Apples take prominence in a number of writings, such as Adam and Eve and the apple from the tree of knowledge in the Garden of Eden.  The apple of Discord from Greek mythology described an apple as being a cause of controversy: when Discord placed an apple on the table for the most beautiful goddess and three fought to claim it.

Most of us are familiar with the expression “an apple a day keeps the doctor away.”  The origin of this phrase is attributed to an old Welsh proverb that was later adapted in the United States.

The expression “apple polisher” refers to someone who tries to win favor by flattery, gifts, and other expressions of appreciation, sometimes thought to be insincere.

There is also the phrase “the apple of my eye” that refers to something or someone that is the focus of positive feelings or motivation.

All of these apple metaphors use the apple as something that causes a reaction or response from within that results in external consequences.

What is your apple?

Is it something that someone else has told you is of value, that you have accepted, and decided to fight for to gain recognition from others?

Is it something for which you are willing to sacrifice a promise or your own integrity?

Is it part of a ritual that you use to keep yourself healthy and balanced?

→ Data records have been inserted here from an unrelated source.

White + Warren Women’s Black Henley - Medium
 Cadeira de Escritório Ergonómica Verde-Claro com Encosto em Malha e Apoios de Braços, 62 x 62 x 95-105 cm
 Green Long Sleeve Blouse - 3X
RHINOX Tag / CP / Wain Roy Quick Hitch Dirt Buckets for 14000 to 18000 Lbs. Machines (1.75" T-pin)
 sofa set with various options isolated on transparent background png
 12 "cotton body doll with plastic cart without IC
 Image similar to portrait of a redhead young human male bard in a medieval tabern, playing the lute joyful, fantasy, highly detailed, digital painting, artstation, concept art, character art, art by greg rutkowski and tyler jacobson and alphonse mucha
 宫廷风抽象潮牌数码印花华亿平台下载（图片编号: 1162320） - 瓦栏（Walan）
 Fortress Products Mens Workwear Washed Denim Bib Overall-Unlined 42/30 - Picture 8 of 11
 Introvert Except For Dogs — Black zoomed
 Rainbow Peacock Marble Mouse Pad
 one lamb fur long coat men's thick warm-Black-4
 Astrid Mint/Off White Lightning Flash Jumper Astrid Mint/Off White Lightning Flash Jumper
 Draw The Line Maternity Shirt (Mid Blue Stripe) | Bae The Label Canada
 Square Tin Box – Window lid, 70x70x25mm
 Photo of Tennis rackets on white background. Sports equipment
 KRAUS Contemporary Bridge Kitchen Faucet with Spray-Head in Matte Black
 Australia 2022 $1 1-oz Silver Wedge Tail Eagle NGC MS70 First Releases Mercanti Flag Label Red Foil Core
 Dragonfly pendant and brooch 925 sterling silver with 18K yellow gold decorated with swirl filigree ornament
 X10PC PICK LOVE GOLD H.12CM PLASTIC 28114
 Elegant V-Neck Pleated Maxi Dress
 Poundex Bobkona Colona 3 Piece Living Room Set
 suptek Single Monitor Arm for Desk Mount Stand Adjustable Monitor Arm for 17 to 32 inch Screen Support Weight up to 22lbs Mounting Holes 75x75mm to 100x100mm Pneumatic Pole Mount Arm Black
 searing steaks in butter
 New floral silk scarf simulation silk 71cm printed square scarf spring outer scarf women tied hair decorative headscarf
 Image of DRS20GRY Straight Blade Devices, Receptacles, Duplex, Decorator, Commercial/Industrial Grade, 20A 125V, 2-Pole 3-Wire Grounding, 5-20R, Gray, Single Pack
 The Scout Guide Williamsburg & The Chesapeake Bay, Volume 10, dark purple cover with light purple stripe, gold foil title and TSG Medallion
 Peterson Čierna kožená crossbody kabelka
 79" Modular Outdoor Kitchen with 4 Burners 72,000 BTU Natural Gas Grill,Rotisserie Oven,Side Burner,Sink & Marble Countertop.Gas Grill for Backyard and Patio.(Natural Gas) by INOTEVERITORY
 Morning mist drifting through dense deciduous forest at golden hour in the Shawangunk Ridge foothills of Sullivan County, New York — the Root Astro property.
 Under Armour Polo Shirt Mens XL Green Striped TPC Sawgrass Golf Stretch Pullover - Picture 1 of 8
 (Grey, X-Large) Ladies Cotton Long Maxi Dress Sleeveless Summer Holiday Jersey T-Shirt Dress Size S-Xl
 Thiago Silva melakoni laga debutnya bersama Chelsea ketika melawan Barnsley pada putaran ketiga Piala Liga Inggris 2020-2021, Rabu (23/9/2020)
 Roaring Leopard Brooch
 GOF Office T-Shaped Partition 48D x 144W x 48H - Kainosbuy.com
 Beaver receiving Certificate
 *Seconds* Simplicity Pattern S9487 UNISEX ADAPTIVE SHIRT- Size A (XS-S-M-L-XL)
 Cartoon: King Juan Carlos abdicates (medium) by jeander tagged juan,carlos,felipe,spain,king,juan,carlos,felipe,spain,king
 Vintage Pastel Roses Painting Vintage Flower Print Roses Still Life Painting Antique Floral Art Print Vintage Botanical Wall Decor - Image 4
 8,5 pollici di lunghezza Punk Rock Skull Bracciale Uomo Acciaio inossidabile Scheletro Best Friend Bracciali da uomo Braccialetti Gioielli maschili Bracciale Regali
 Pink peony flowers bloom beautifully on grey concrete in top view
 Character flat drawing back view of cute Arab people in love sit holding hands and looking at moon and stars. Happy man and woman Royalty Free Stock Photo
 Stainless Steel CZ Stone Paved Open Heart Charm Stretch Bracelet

Is it the focus of your intent or purpose in your day to day activities?

Whatever you polish up and focus your attention on is what your apple is to you. It can be something outside of you or it can be your inner identity.

We polish the apple of our inner eye much in the same way that we polish a piece of fruit.

When we pick out an apple to polish, we usually discard ones that are damaged, since they can cause the others to begin to rot prematurely.

When we polish an apple we clean off environmental contaminants that dull the surface.

We allow the true beauty of the apple to shine forth with all of the complexities of color that it contains.

A well polished apple looks inviting and full of promise.

We are careful with our polished apple so it does not get bumped or bruised.

Some of us may polish up a bruised apple or an old one and show it off for a variety of reasons.

Others may believe that a bruised apple is the best that they have to offer.  Not true.

Apples grow on trees.  And within each of us is a tree that is continually producing the fresh fruits of insight and awareness.

The ones that we no longer need, or have overly ripened have fallen to the ground around our inner tree.  These old fruits are easy to pick up and try to polish, but with a bit more effort we can clear them away and reach for the fresh perspective of today.

Choosing the apple of our eye, what we will focus on and polish to a luster, is an exercise of our personal power.   When that apple is one of insight, awareness, personal dignity and respect, we are able to respond to the events and circumstances that each day holds from our true nature.

Taking this type of “apple a day” reduces stress, keeps us on balance, and enables us to see clearly.

Have a great day and be good to yourself.  You deserve it!

Gail

©2000-2015 Gail Pursell Elliott All Rights Reserved.   Food For Thought is part of the Dignity and Respect mission of Innovations and is the intellectual property of Gail Pursell Elliott.  If you enjoyed this Food For Thought message, you may share it with people you know. Honor the copyright and forward this email in its entirety. Use of material from Food for Thought, reprinting or re-distribution in any form or for commercial use, including reproducing or displaying on your website or including in a newsletter, requires permission.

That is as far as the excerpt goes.